GitHub - Shopify/go-lua: A Lua VM in Go

Sample Script
if asset.labels == nil then
    asset.labels = {}
end
asset.labels["script_engine"] = "gopherlua"

for _, e in ipairs(asset.data.entities) do
    if e.labels == nil then
        e.labels = {}
    end
    e.labels["catch_phrase"] = "Here's Johnny!"
end

for _, f in ipairs(asset.data.features) do
    if f.name == "ongoing_placed_and_waiting_acceptance_orders" or f.name == "ongoing_orders" then
        f.entity_name = "customer_orders"
    elseif f.name == "merchant_avg_dispatch_arrival_time_10m" then
        f.entity_name = "merchant_driver"
    elseif f.name == "ongoing_accepted_orders" then
        f.entity_name = "merchant_orders"
    end
end

if asset.owners == nil then
    -- asset.owners gets initialised as a map and decoding into *asset.Asset fails.
    -- asset.owners = {}
end
-- Inserting into the table fails with runtime error: invalid key to 'next'
-- table.insert(asset.owners, {name = "Big Mom", email = "big.mom@wholecakeisland.com"})

asset.url = urler(asset.name)

for _, u in ipairs(asset.lineage.upstreams) do
    if u.service == "kafka" then
        -- Fails inexplicably with "attempt to call a nil value" runtime error.
        -- u.urn = u.urn:gsub(".yonkou.io", "")
    end
end

golua/golua_transform.go

Pros
  • Being used in Shopify's load generation tool.
  • Can use native lua API such as ipairs for working with values passed into lua script from Go.
Cons
  • No direct support for Go structs . Need a good amount of reflection to simplify passing in and modifying a Go value inside lua.
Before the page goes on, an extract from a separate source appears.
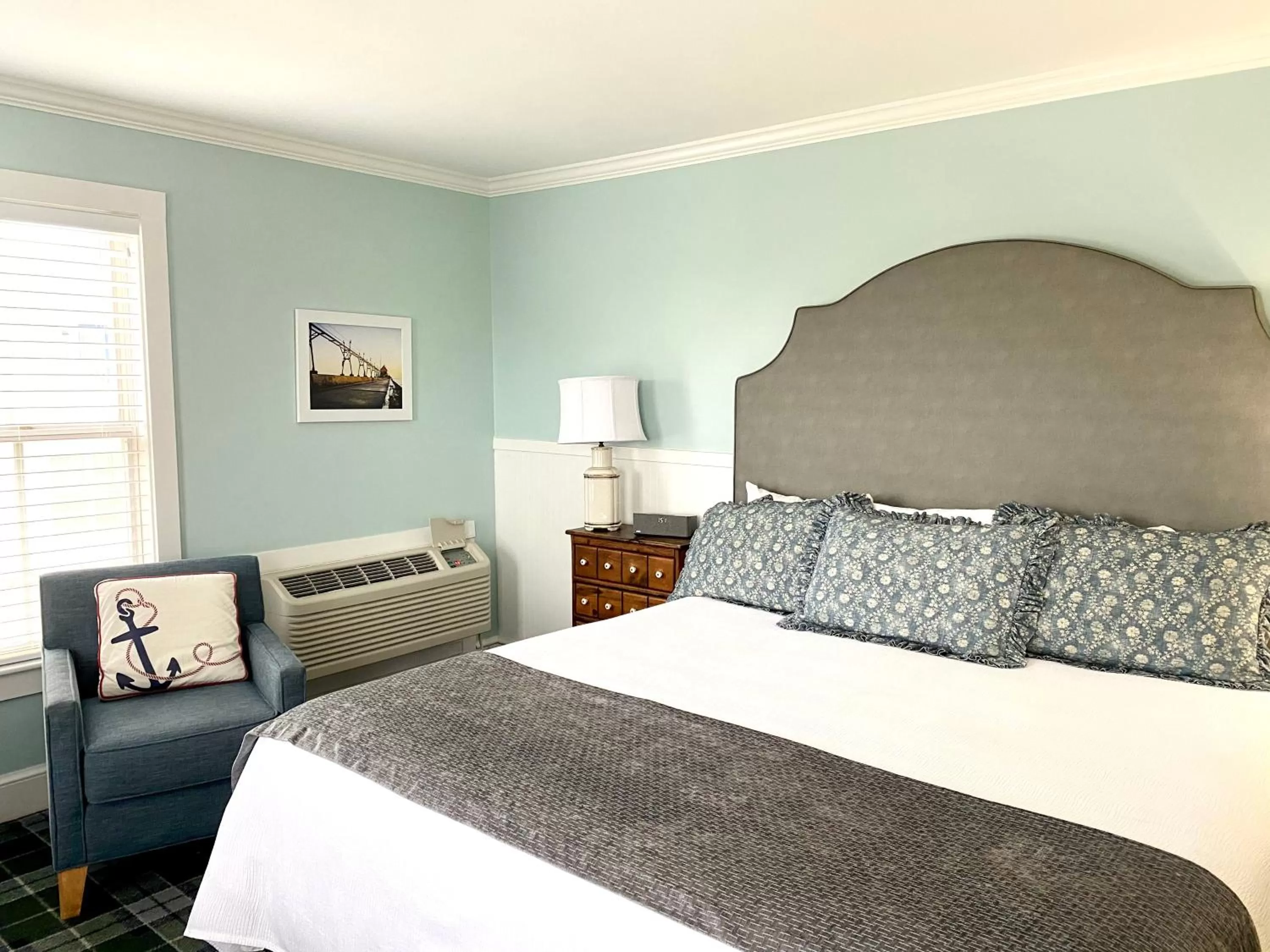 Bed in Harbor House Inn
So we are instead passing in a map[string]interface{} into the script using a helper library. The modifications to the map do not reflect in the Go environment and we are having to pull out the modified value from lua after script execution finishes.
  • No releases/tags for the library.
  • No direct support for context.Context, and it is not clear how script execution could be terminated on timeout/context cancellation.
  • Not able to fulfill the requirements:
    • Set the owner as {Name: Big Mom, Email: big.mom@wholecakeisland.com}.
    • For each lineage upstream, if the service is Kafka, apply a string replace op on the URN - {.yonkou.io => }.
  • Is slower than GopherLua according to go-lua itself.
GopherLua

yuin/gopher-lua: GopherLua: VM and compiler for Lua in Go

Sample Script
if asset.labels == nil then
    asset.labels = {}
end
asset.labels["script_engine"] = "gopherlua"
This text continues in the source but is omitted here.